そして、支援団体、NPOそのものの機能と役割に対する無知、無理解が甚だしく、ネオリベの悪い部分を濃縮したような主張が目立つ。

やってることは暴露系YouTuberのようなことなのだが、住民監査請求・住民訴訟と、そしてそのためのカンパと組み合わせることで費用を調達するに止まらず収益化もできるビジネスモデルができてしまったことは特徴的だし、それで長期戦が可能になってしまった。

暇空らが「問題」「疑惑」などと騒いできた主な点についてはこちら。

まあどれもこれも、叩きたいだけで無理やりケチをつけているだけで妄想の域。実際、暇空らの妄想は際限なく膨らんでいる。

どう対抗するのか?

暇空らの妄想を嗤うのは簡単なのだけど、そこから脱け出すのは簡単なことではなくてね。アルコール依存症が「否認の病」とも言われるのと同じで、「認めること」が最初でとても困難なハードルなんだよね…。

だから、まず必要であり、できることは、暇空を称賛、同意、肯定しないこと、させないこと。その大きな源泉でもある直接間接の協力者をを称賛、同意、肯定しないこと、させないこと。彼らの言説を広めず、広めさせず、対抗言説などにより無効化していくこと。そうやって輪を小さくしていくこと。

暇空問題は終わったと思っている人は多いが、住民訴訟等が続いており都と4団体に過度な負担がかかり続けている。また、他団体を含め実害が生じたし依然として対応を余儀なくされている。必死に業務を回しているから被害や負荷の実態が外からは見えにくいだけ。それに暇空問題は単発事象ではない。

近々では、#MeToo や #フラワーデモ に対して吹き荒れたバッシングや、女性が告発等声を上げた様々な事案に際しての猛烈な攻撃。このバックラッシュ状況から暇空問題が生まれ広がった。困難女性支援法での再燃もあり得るし、前に出る者は入れ替わるだけ。

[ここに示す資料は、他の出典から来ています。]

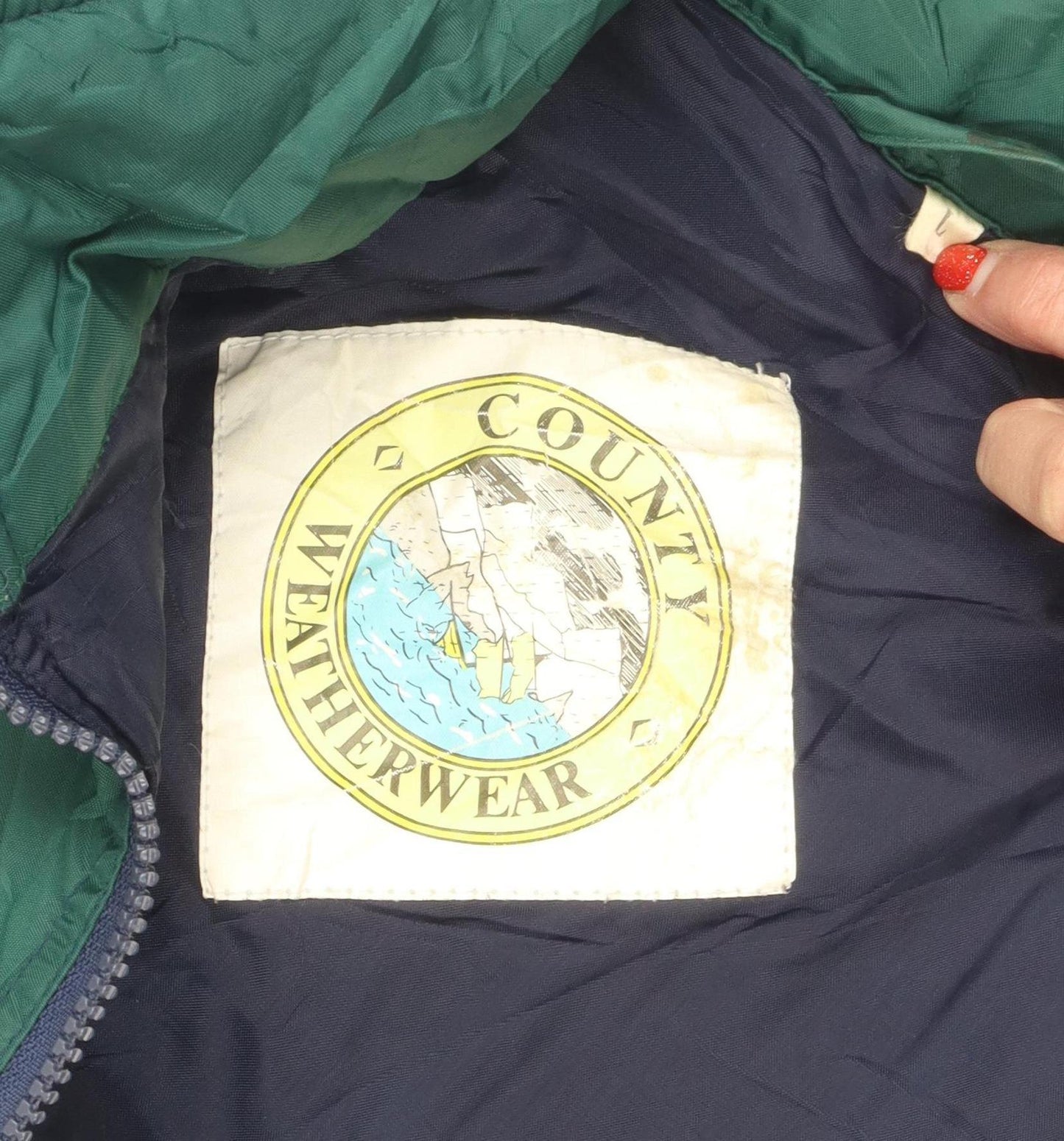 County Weatherwear Men's Blue Green Parka Jacket Size L (Est)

だから、ジェンダー・イシューやフェミニズムに関わりや関心のある少なからぬ人たちが対岸の火事のように沈黙しているのが歯痒い。標的になっている団体・個人への評価や好き嫌いの問題ではないということも強調しておきたい。

こんな風な揶揄で暇空問題のような攻撃の土壌は耕され続けている訳で。その根深さを感じている人は多いはず。

心ある記者も各社で孤軍奮闘の感があるし、もっといろんな人に前に出てきて欲しい。2000年代バックラッシュのように、「振り返ってみればあれは」ということにしてはならないし、同じように後々まで影響を残させるようなことにしてはならない。既に暇空がアンチフェミに一つのモデルを示した訳だし。

女性支援団体叩きと共同親権運動は連動しているし、入管法改正やLGBT理解増進法に際しての当事者・支援者叩きとも重なった。「向こう」は融通無碍につながって面的に広がり相互乗り入れしている。こっちも面的に対抗していかないと、各分野、各団体に担わせるには重過ぎる。